En contraste, los responsables de tráfico del Ayuntamiento de Cádiz parecen empeñados en transmitir el mensaje opuesto a la ciudadanía local y foránea: que el aparcamiento libre en la vía pública está siempre garantizado, incluso en los eventos más multitudinarios ―Carnavales, Semana Santa, partidos del Cádiz…―  y si es necesario las aceras y zonas peatonales de la ciudad se habilitarán como aparcamiento. Con ello, aunque la disponibilidad de aparcamiento no sea tan grande, la expectativa de encontrar aparcamiento es prácticamente plena y, como consecuencia, todo el que tiene coche o moto se mueve en coche o moto.

Revertir el modelo de movilidad requiere por tanto un cambio radical de la actual política de aparcamiento hacia otra centrada en la reducción y regulación del aparcamiento, tanto en la vía pública como en aparcamientos de rotación y edificaciones privadas. Una política que, en primer término, más que hacer grandes actuaciones requiere dejar de hacer cosas, dejar que las cosas sigan su curso natural o, simplemente, aplicar la ley. También cambiarla en otros casos.

Dejar de permitir aparcar en las aceras y espacios peatonales es sin duda la primera y más sencilla forma de dejar de generar expectativas de aparcamiento. Asumir la pérdida de aparcamiento en la vía pública que suponen determinadas actuaciones, como la construcción de la red ciclista, sin tratar de compensarla con la creación de otras nuevas plazas, es un dejar que las cosas sigan su curso indispensable. Igualmente, cada actuación de recuperación o mejora del espacio público debería contemplar la eliminación o reducción de aparcamiento.

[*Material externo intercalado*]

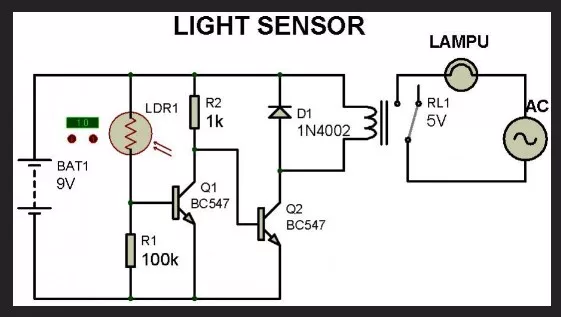 Sensor Cahaya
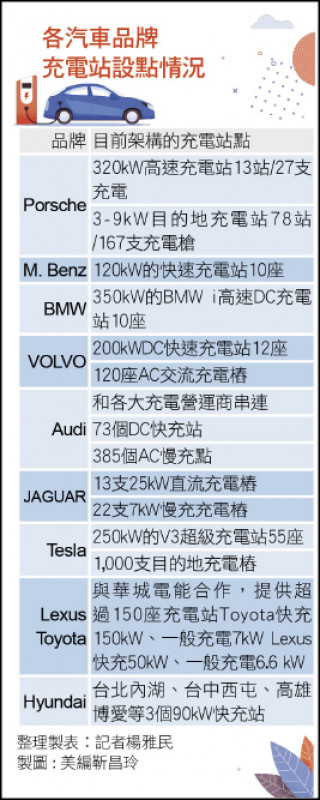 各汽車品牌充電站設點情況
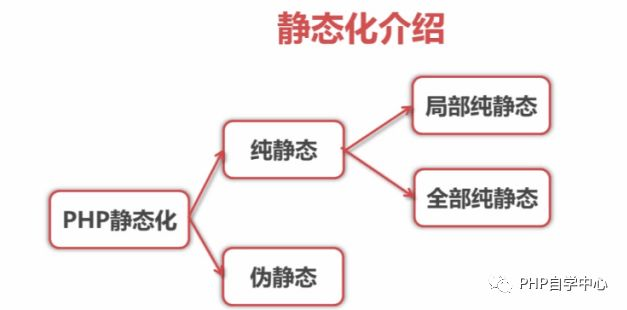 PHP实现页面静态化_页面静态化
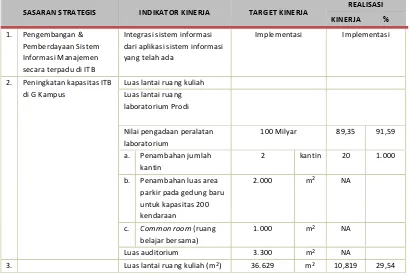 Tabel 1.12 Pengukuran Kinerja Bidang Sarana dan Prasarana ITB Tahun 2014 
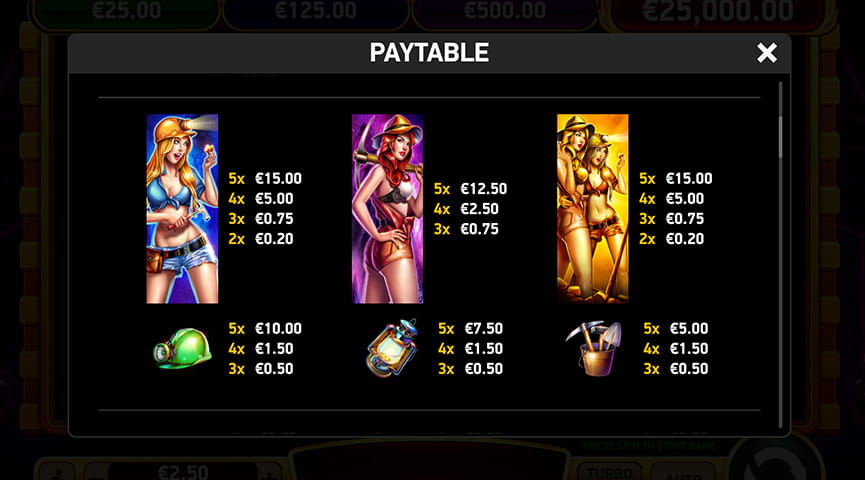 Paytable of Hot and Heavy Slot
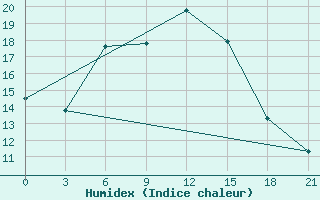 Courbe de l'humidex pour Staraja Russa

Además, la normativa de accesibilidad obliga, en un gran número de calles ―todas las que no permitan acerados de 1,80 metros de anchura―, a la eliminación de aparcamiento para la ampliación de aceras o creación de plataforma única ―calzada y acera al mismo nivel―. Esta eliminación de aparcamiento debe ser inmediata ―debería haberlo sido hace tres meses―, pues esas calles se encuentran en la más absoluta ilegalidad desde el 4 de diciembre pasado, en aplicación de la Ley General de derechos de las personas con discapacidad. Por otro lado, la eliminación de aparcamiento, legal e ilegal, en la trama interior del casco histórico es una necesidad evidente, pues solo sirve para generar un inútil y dañino tráfico de agitación ―solo para buscar aparcamiento― en la principal zona de atracción de movilidad de la ciudad.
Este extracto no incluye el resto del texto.